## GIVEN INFORMATION
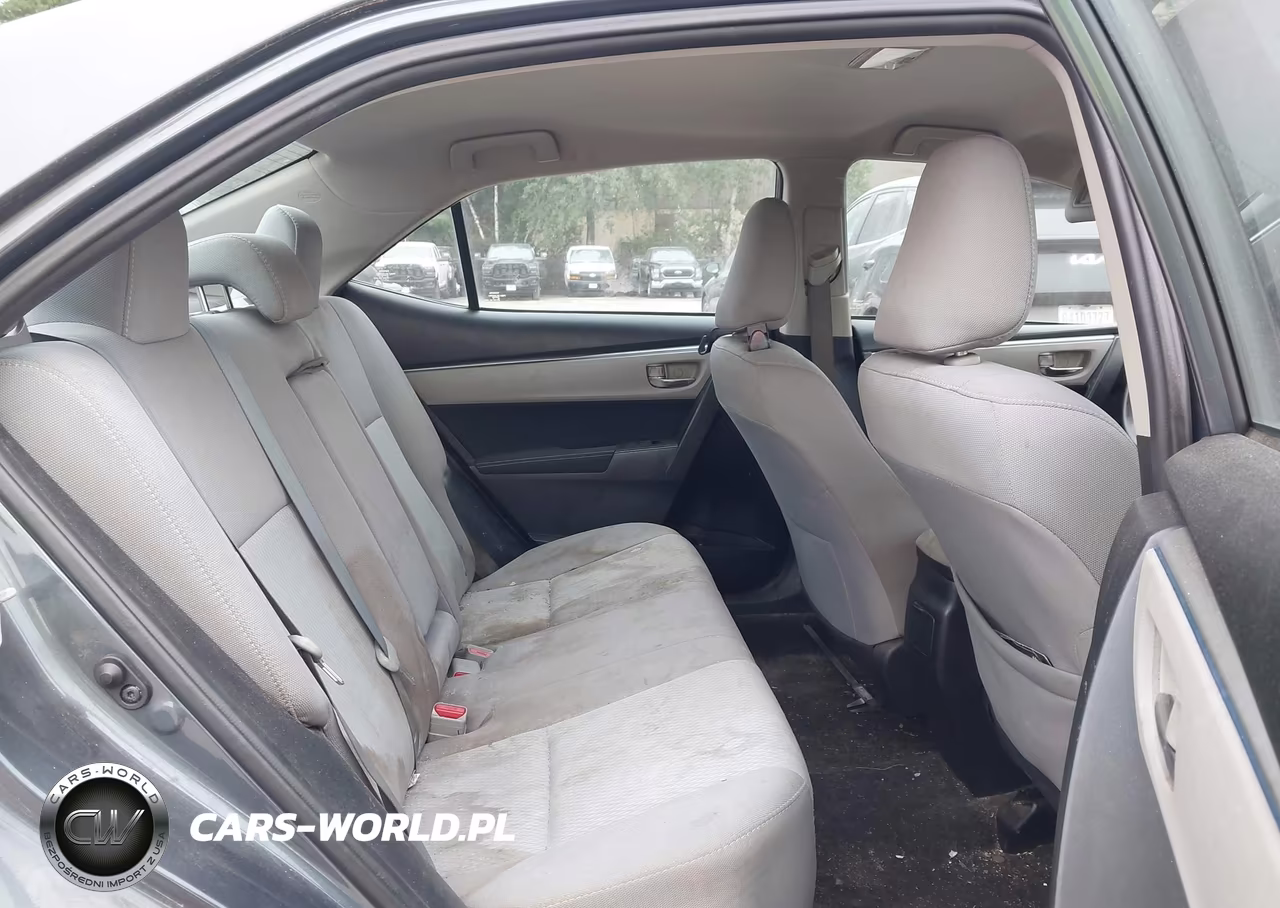 2016 Toyota Corolla Le VIN:2T1BURHE6GC626959 - 8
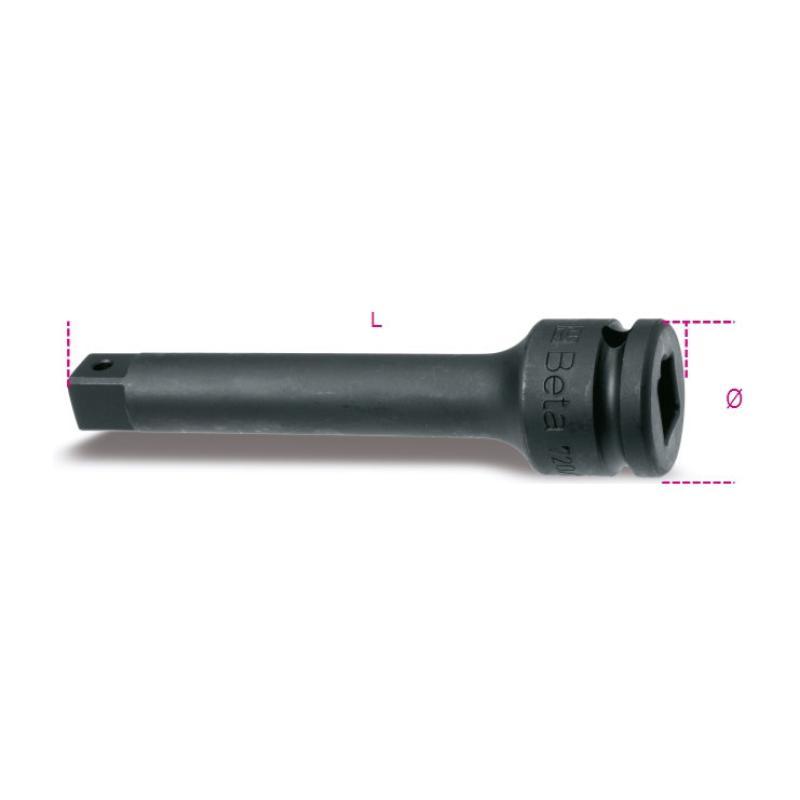 Prolunga Macchina Con Attacchi Quadri Maschio E Femmina 3/4" Fosfatata 728/22 Beta 007280825
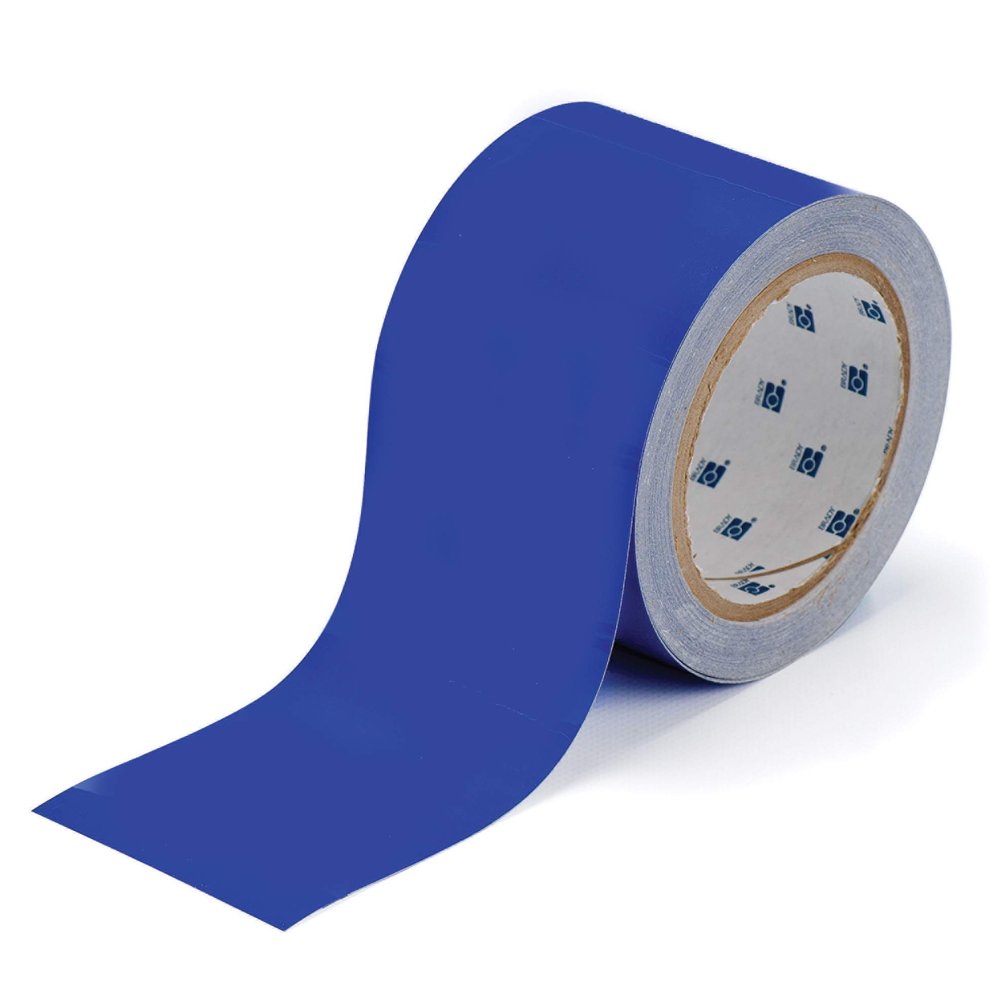 Toughstripe Solid Color Ribbon, 50.80mm x 30.48m, Blue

## REQUIRED WORK
Return each line from the material above exactly, but not the pictures.

## WRITTEN RESPONSE
 2016 Toyota Corolla Le VIN:2T1BURHE6GC626959 - 8
 Prolunga Macchina Con Attacchi Quadri Maschio E Femmina 3/4" Fosfatata 728/22 Beta 007280825
 Toughstripe Solid Color Ribbon, 50.80mm x 30.48m, Blue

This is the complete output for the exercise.